As the earthquake devastation unfolds in New Zealand, Prime Minister John Keys warns that the country’s final death toll could be higher than originally feared
The death toll in the aftermath of New Zealand’s worst disaster in 80 years reached 98 today, with an additional 226 people still missing.
The 6.3 magnitude earthquake, which struck at 12.51pm on Tuesday afternoon, destroyed entire buildings and caused devastating damage in the city of Christchurch. Police believe up to 120 bodies may still lie trapped in the rubble of the Canterbury Television building.
‘We are very fearful today that the death toll could be much greater than any of us have ever feared,’ said Mr. Keys, adding that dozens of international people caught up in this ‘tremendous tragedy’.
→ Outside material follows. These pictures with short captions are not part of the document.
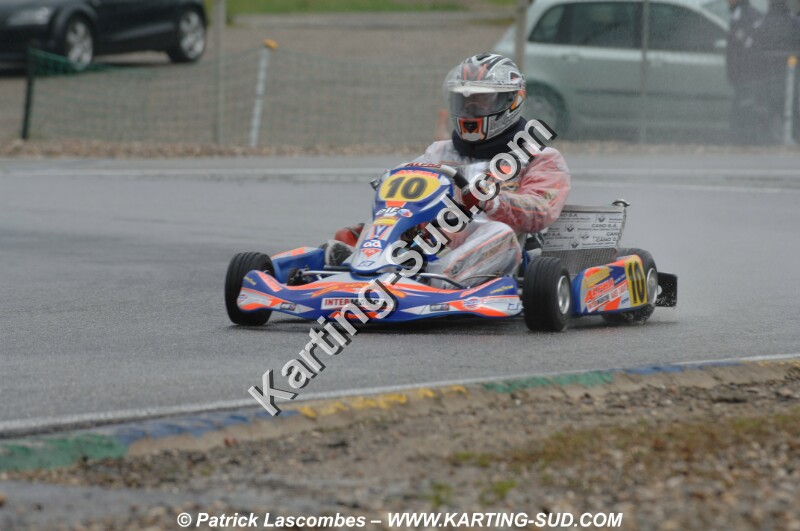 DSC_0254.JPG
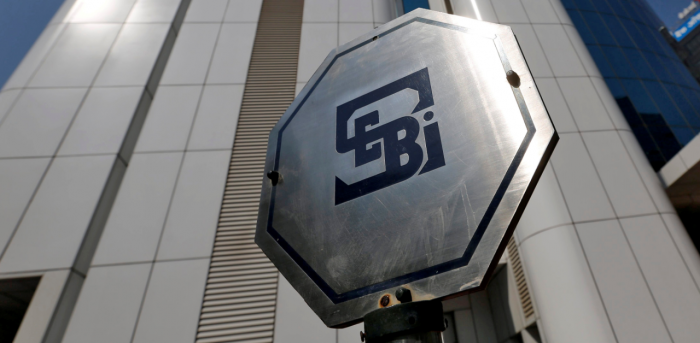 SEBI TIGHTENS RULES GOVERNING UTILISATION OF IPO PROCEEDS; TWEAKS OFS NORMS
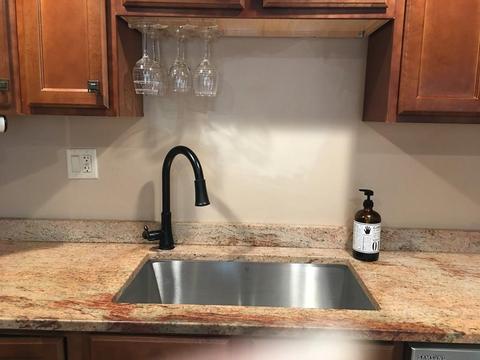 93 Burghardt St, Springfield, MA 01109 photo 8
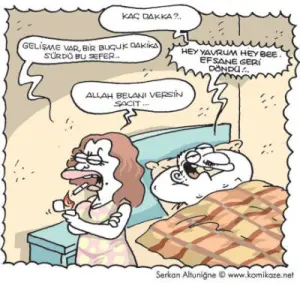 ilaçsız doğal erken boşalma tedavisi - geç boşalmak için yapılacaklar ilaçsız doğal erken boşalma tedavisi - geç boşalmak için yapılacaklar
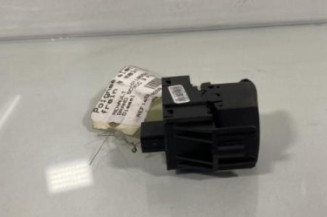 Poignee electrique frein a main RENAULT GRAND SCENIC 3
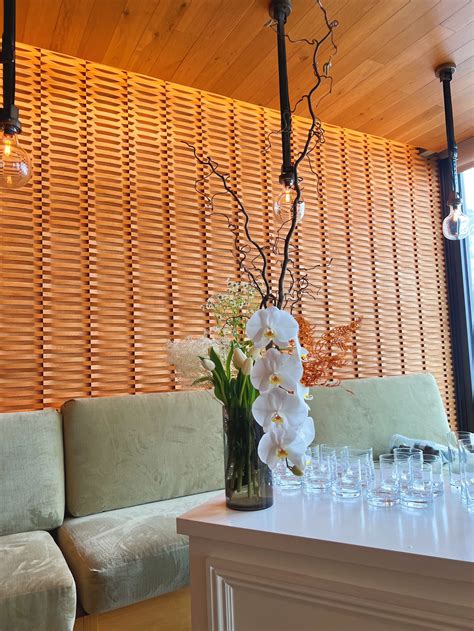 Events — Mo+Co. Floral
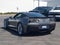 2015 Chevrolet Corvette Z06 Z06 3LZ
Rescue efforts have so far focused on major office complexes that crumbled in the city centre, but the recovery of bodies has now taken priority, while rescue teams have fanned out further afield. Hopes of finding people alive are diminishing as no new survivors have been found since Wednesday.
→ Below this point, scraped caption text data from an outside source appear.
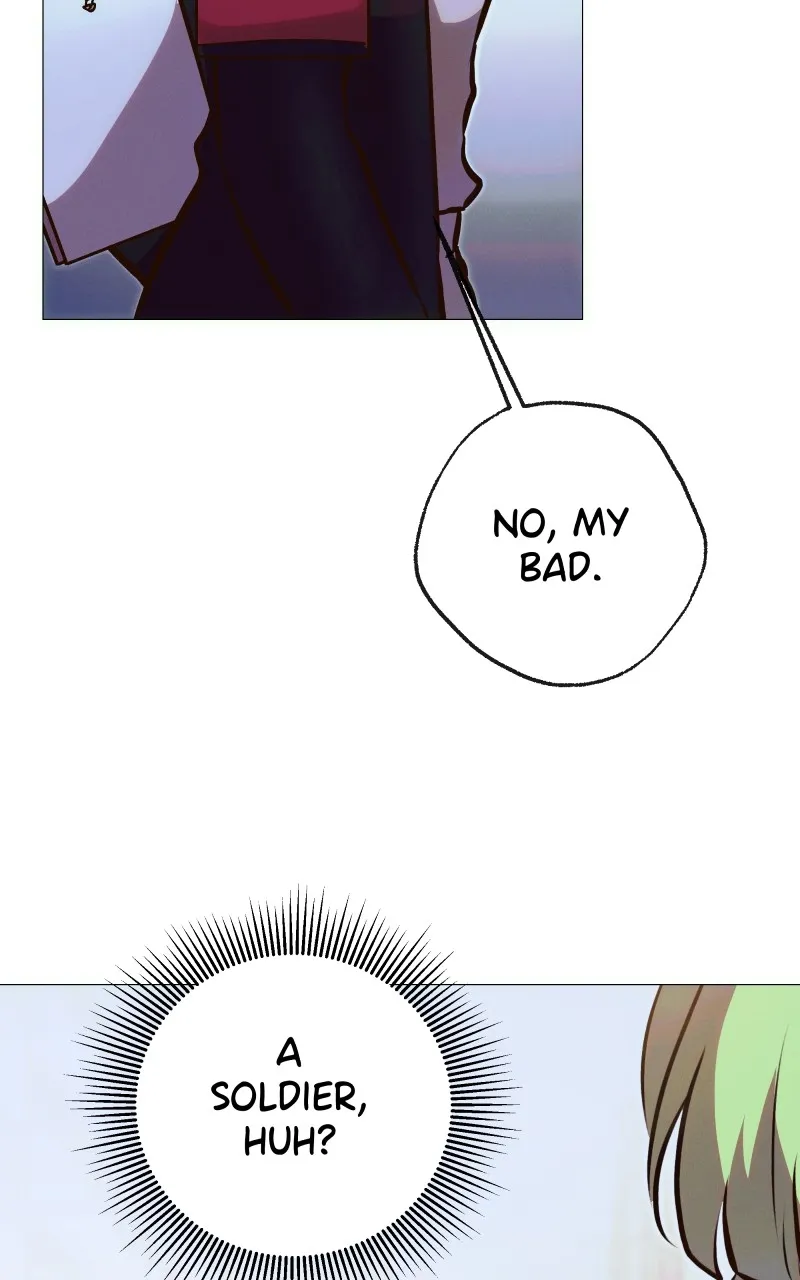 Rebirth Chapter 244 page 81 - 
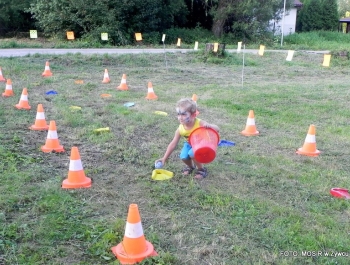 PIKNIK RODZINNY! – FOTORELACJA - zdjęcie4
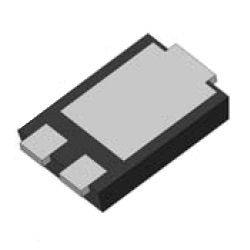 FSV2060L | 파츠바다 - 모든 전자부품의 정답
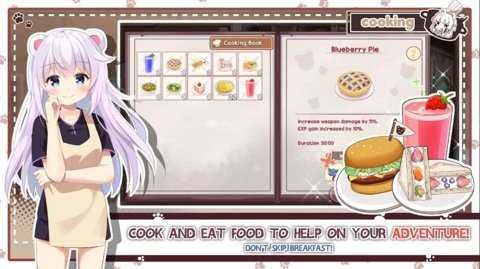 熊猫剪辑黑盗贼 1.8.13 安卓版 2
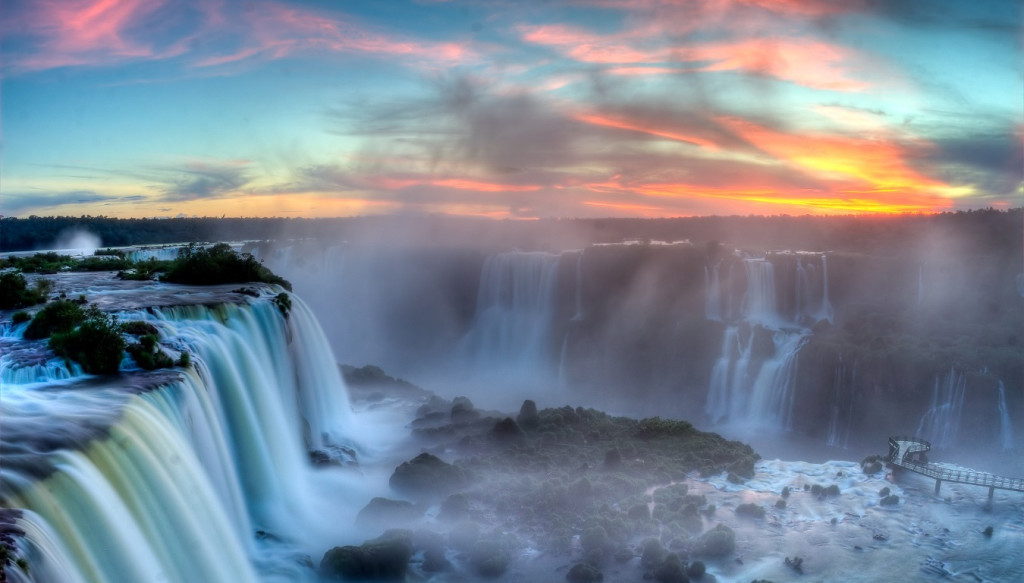 cataratasdeiguazu1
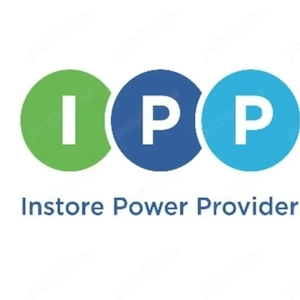 Agent Vanzari Teren (D2D)   PPC Energie | Salariu fix + bonus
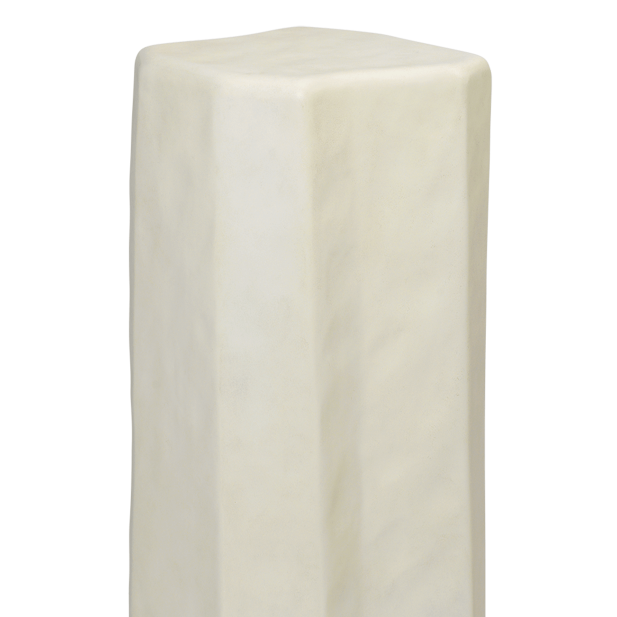 Mesa Auxiliar STAFFA 80 cm Alto,...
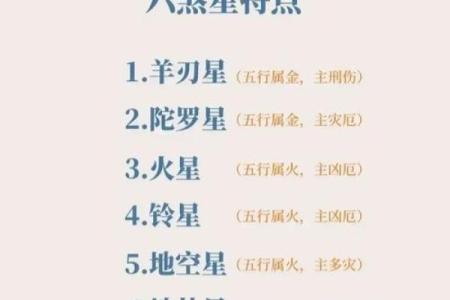 双胞胎紫薇斗数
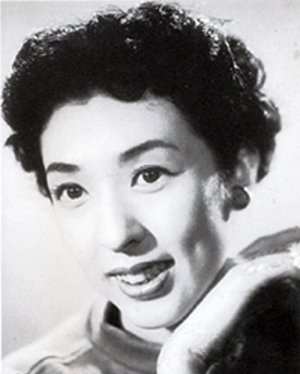Reiko Miyagawa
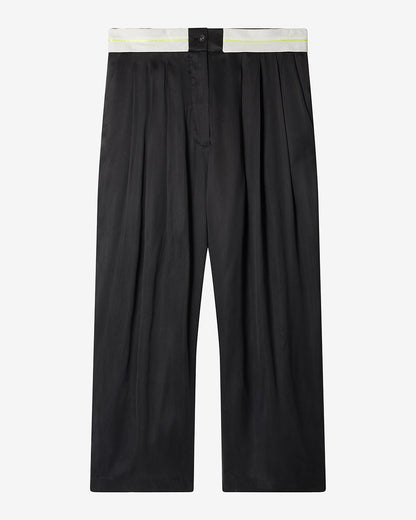 Mes Demoiselles Pants Floa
The human cost of the natural disaster was illustrated as the family of Donna Manning, a morning TV presenter trapped inside the demolished Canterbury Television building, was told there was no hope that she could have survived.
Yesterday, Mr. Keys declared a national emergency, with insurance losses of up to $12billion. Authorities have imposed a curfew of 6.30pm as the country tries to cope in the aftermath of destruction.
Hundreds of troops, police and emergency workers searched the ruins as more than 100 aftershocks threatened further collapse. A Briton and an Irishman are believed to be among the dead.